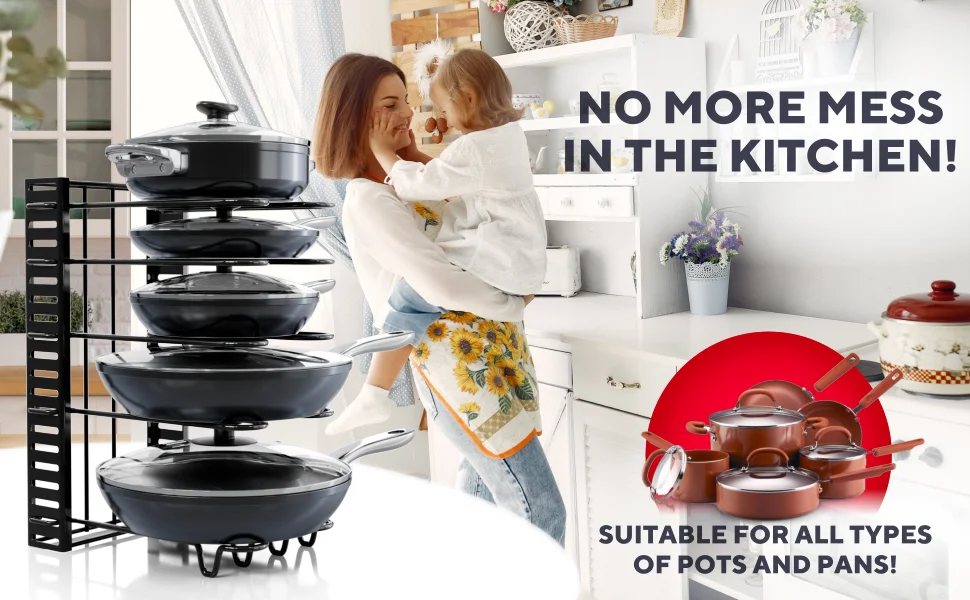 Pot Rack Organizer, 8 Tier Pots and Pans Organizer for Kitchen Organization & Storage, Adjustable Pot Lid Holders & Pan Rack - Image 16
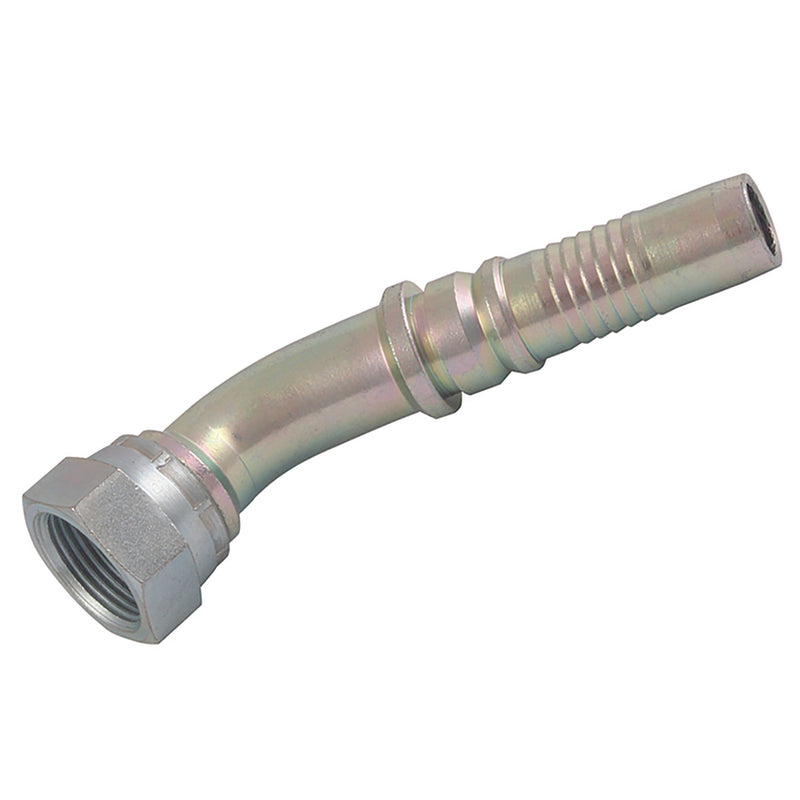 3/4" BSP Female Interlock 45° Swept Elbow 3/4" Hose ID; JMBSPF45-12-12CF product image by FT Pro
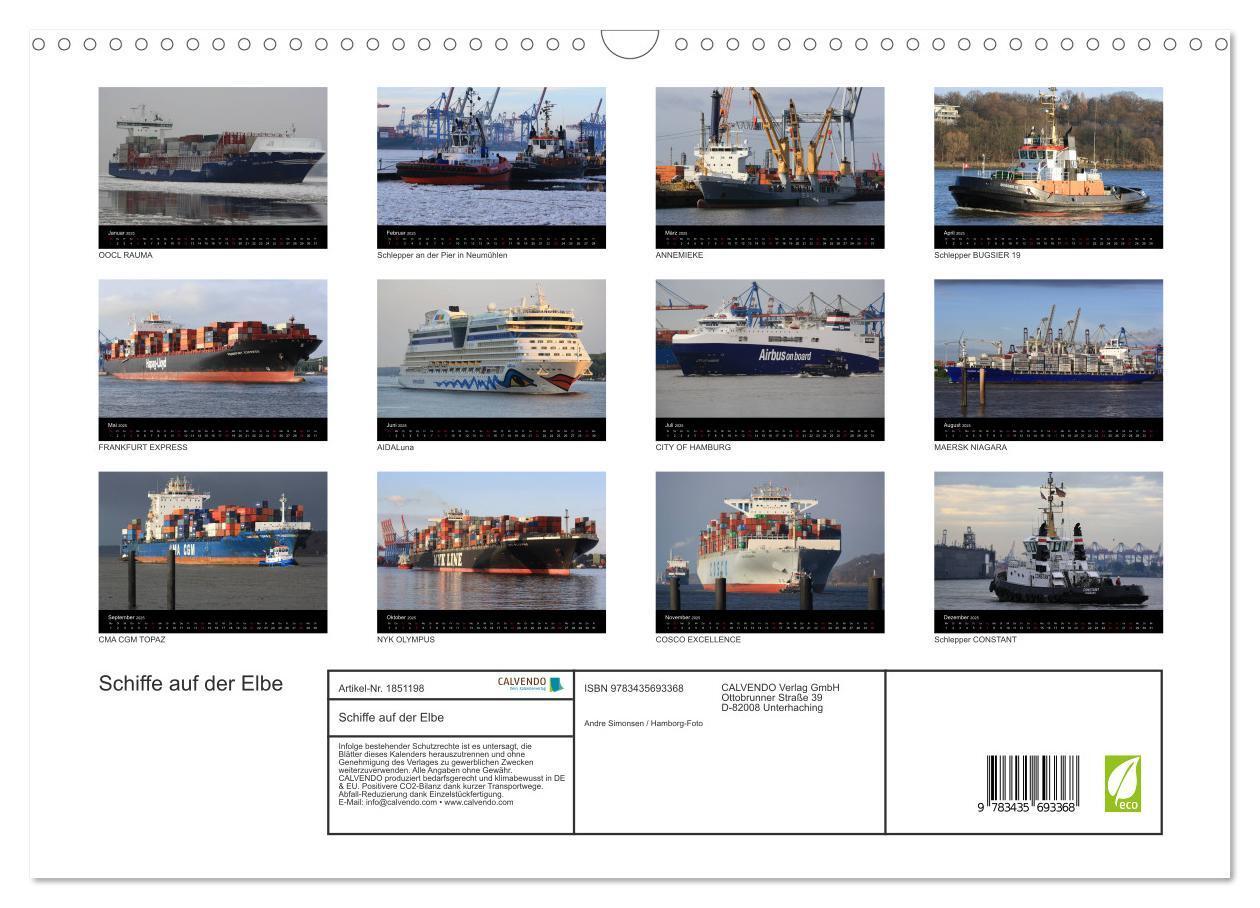 Bild: 9783435693368 | Schiffe auf der Elbe (Wandkalender 2025 DIN A3 quer), CALVENDO...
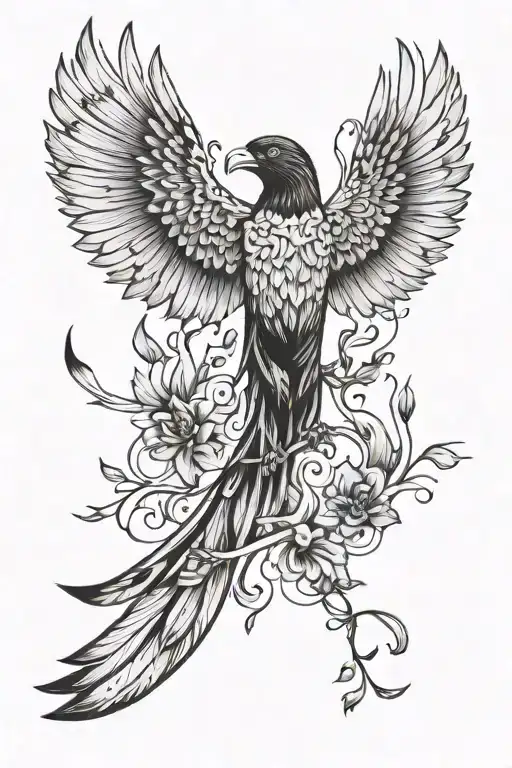 Falling Bird With 6 Wings Spread Wide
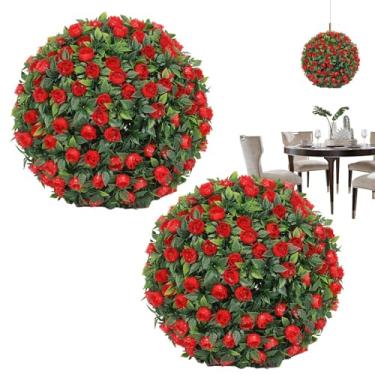Imagem de Bolas Artificiais de Buxo,Bolas de Topiaria de Buxo Florido - 2 Peças Decorações Impermeáveis E Penduráveis Para Pátio, Interior, Jardim, Casamento, Varanda, Exterior, Alpendre,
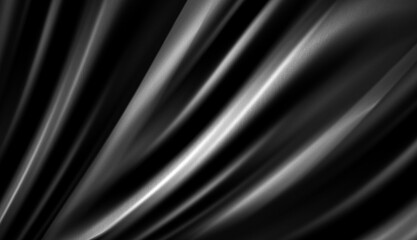Fototapeta premium Illustration of flowing metal, steel, or liquid mercury with a silver sheen on a black background. A perfect design for luxury and premium product branding, sophistication, and formality.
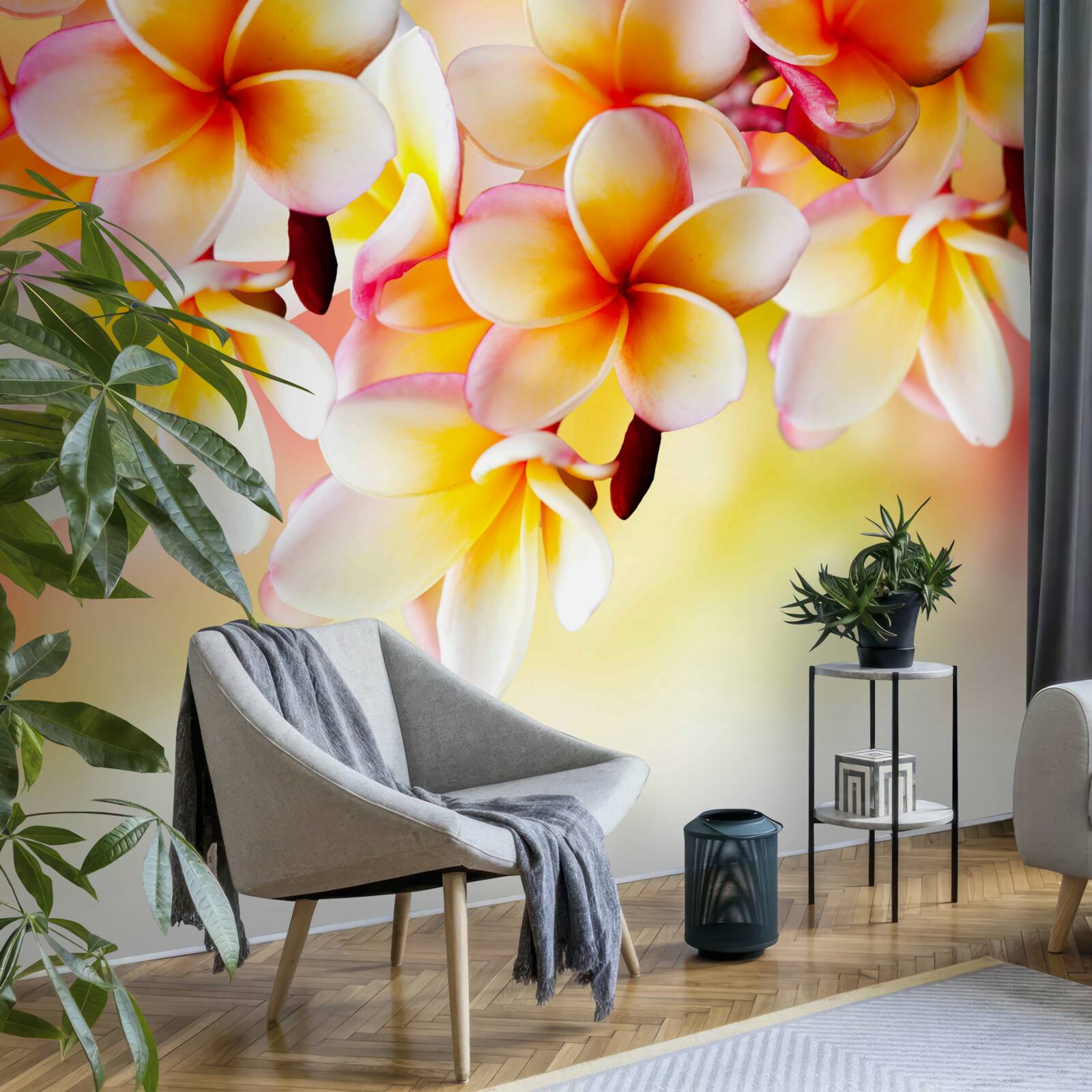 Fototapeta biele a oranžové kvety visia nad vodnou hladinou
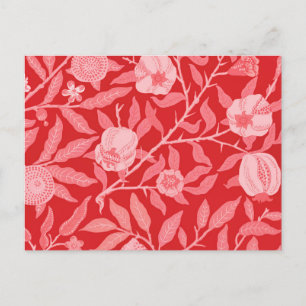 Pomegranaat vintage in kerstrood briefkaart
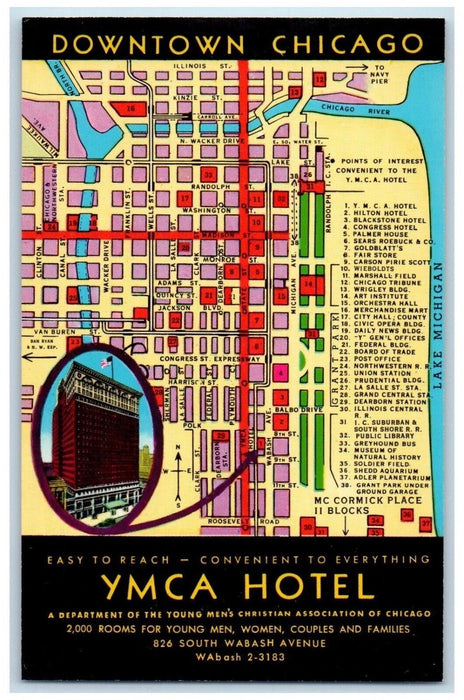 Chicago's YMCA Hotel Building Downtown Chicago Map Illinois IL Vintage Postcard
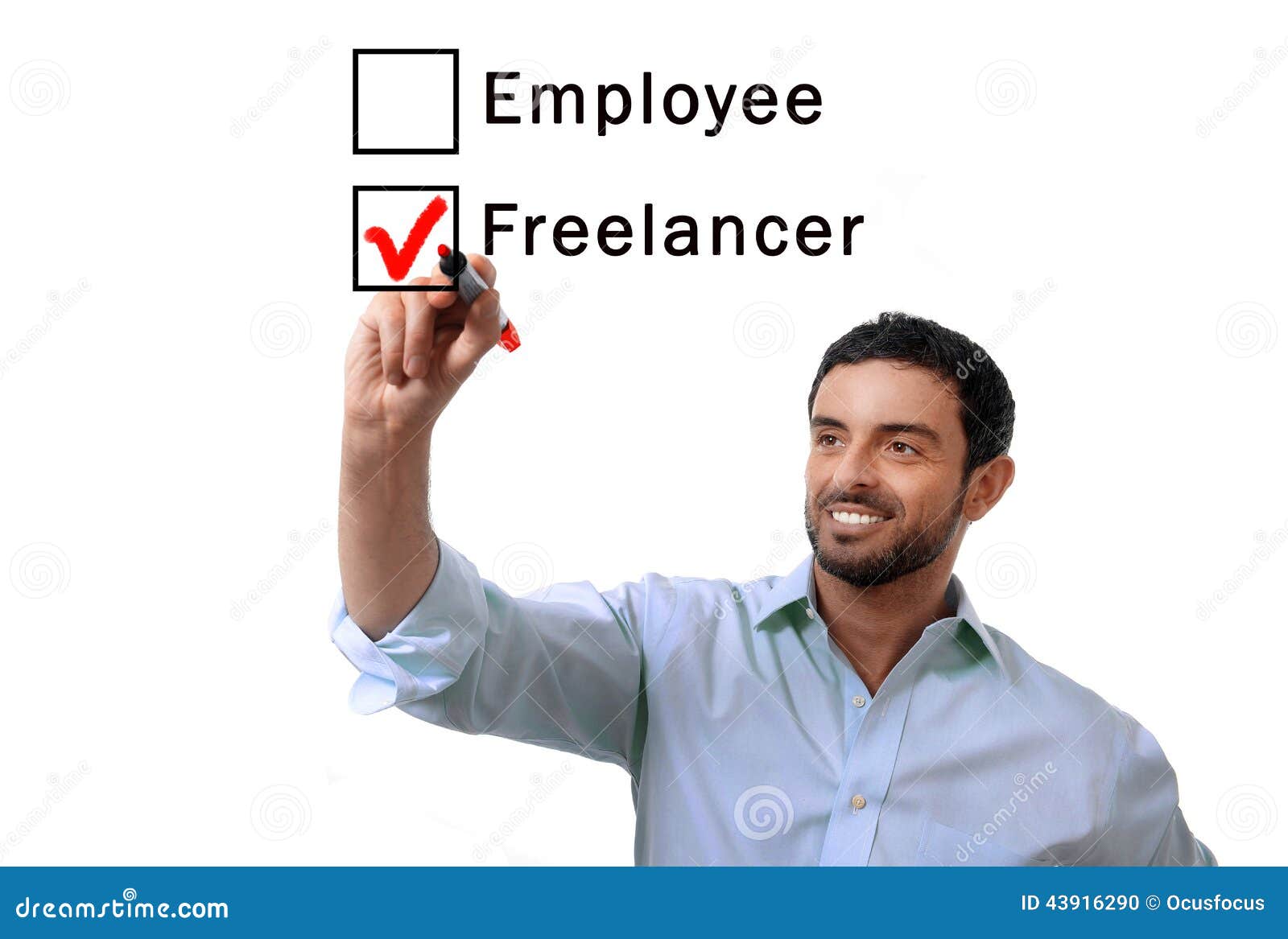 businessman choosing freelancer to employee at formular ticking box with red marker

○ ○ ○ ○

From the line with "Fototapeta biele a" through the final line of the records above, return each line exactly and nothing else. Pictures are to be skipped.

**Finished task:**
 Fototapeta biele a oranžové kvety visia nad vodnou hladinou
 Pomegranaat vintage in kerstrood briefkaart
 Chicago's YMCA Hotel Building Downtown Chicago Map Illinois IL Vintage Postcard
 businessman choosing freelancer to employee at formular ticking box with red marker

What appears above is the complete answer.